Sua essência espiritual foi definida com substância ética; mas o espírito é a realidade ética. É o si mesmo da consciência real, em que se enfrenta, o que melhor se enfrenta a si mesmo, como mundo real objetivo, o qual, sem embargo, tem predito para o si mesmo toda significação de algo estranho, do mesmo modo que o si mesmo tem perdido toda significação de um ser para si, separado, dependente ou independente, daquele mundo. O espírito é a substância e a essência universal igual a si mesma e permanente - o inabalável e irredutível fundamento e ponto de partida do trabalho de todos - e seu fim e sua meta, como o em si pensado de toda autoconsciência (...) (HEGEL, G. W. F. Fenomenologia do Espírito, "O Espírito", pp. 259-260).

Em todo movimento para formação do saber de si, o espírito trabalha imerso em sua história real, que termina quando o espírito alcança o elemento puro de sua existência, como conceito de ser-aí absoluto. Assim surge a ciência que faz o movimento da forma pura deste conceito para a consciência. Entretanto, para superar a alienação inicial convém que sucessivas etapas de conscientização ocorram até que o espírito possa recomeçar sua formação plena a partir de si mesmo no estágio mais elevado de seu progresso. Da perspectiva de um ser livre, mas contingente, a história é a ciência do saber verdadeiro, onde o espírito absoluto, no final, se encontra e acaba na "realidade, verdade e certeza de seu trono, sem o qual o espírito absoluto seria a solidão sem vida" (5).
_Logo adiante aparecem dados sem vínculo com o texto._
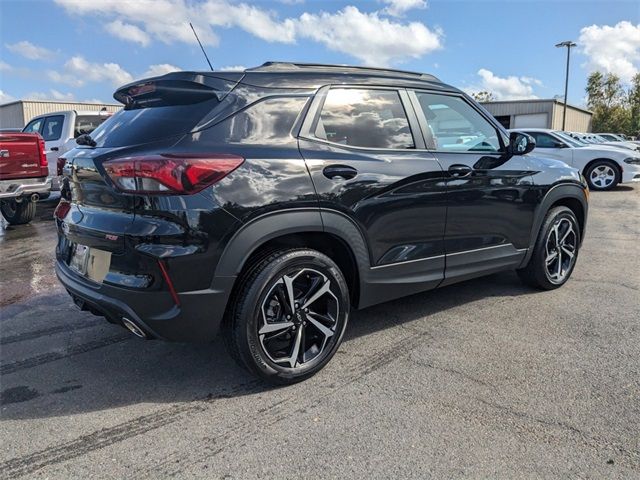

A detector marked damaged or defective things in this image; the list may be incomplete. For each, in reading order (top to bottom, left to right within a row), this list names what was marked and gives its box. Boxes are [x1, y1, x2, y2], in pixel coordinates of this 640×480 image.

Em sua Lógica, Hegel alia todo esse movimento histórico de conhecimento do espírito em si mesmo à evolução de uma contínua alternância de oposições que se unem e reconciliam. As contradições do mundo manifestam-se como contradições do espírito. Tese e antítese enfrentam-se para formar uma nova síntese e assim por diante até que o movimento termine no desvelamento de toda realidade, ao final. A unidade reconciliadora que encerra esse movimento dialético aparece então no fim da história que é a realização completa do espírito absoluto.

Do Subjetivo ao Absoluto

Uma vez que seja iniciada a caminhada para atingir o autoconhecimento, diversas fases de conscientização - Consciência, Consciência de Si, Razão - deverão ser ultrapassadas até que a razão compreenda o mundo em torno tal como ele é e a sua própria existência. Contudo, a fenomenologia que formou primeiro o espírito subjetivo necessita realizar sua plena liberdade na instância cultural que reúne a produção e o trabalho que transformam a natureza em uma natureza humana. Deve avançar o espírito subjetivo até o espírito objetivo que está no seio da sociedade e do Estado, onde realiza sua liberdade que é também sua verdade última. Em sua conscientização como parte do mundo e da sociedade de seres autodeterminados e autoconscientes, que assim se reconhecem, a realização plena de um ideal vem quando a própria razão livre é capaz de conhecer a si mesma e o mundo como criação.

História e cultura encontram-se, assim, em Hegel para realizarem a transformação e superação da alienação inicial do sujeito. Da constituição de um Estado, onde o movimento cultural envolve todo o direito e a moralidade social, o espírito objetivo da Filosofia do Direito transcende dessa fase intermediária para um estágio final ao qual o espírito absoluto se reconhece como parte criadora do mundo. Por fim, o espírito absoluto, em sua fase superior de autocompreensão pode abarcar o sentido estético, a filosofia e a religião revelada como última tomada de sua consciência própria.

Como todos idealistas românticos alemães, Hegel partiu da difícil interpretação da crítica kantiana iniciada por Fichte. Porém, por causa de sua ênfase exagerada na crença de uma razão auto-suficiente, romperam os idealistas alemães as barreiras do dualismo imposto por Kant e procuraram reunir em um só patamar mais elevado a mente e a realidade. Destarte, ao sujeito racional, foi dado plenos poderes de transformação da natureza, segundo sua própria vontade ou determinação. Desde que alcançasse o conhecimento de si necessário para evitar a alienação, o homem poderia tomar o rumo da história em suas mãos. Essa fé cega no progresso e na capacidade de transformação do destino da humanidade contagiou, como praga que se alastra, todo o pensamento do século XIX, que teve entre socialistas e positivistas suas consequentes aberrações, causando sequelas indeléveis em todo século XX.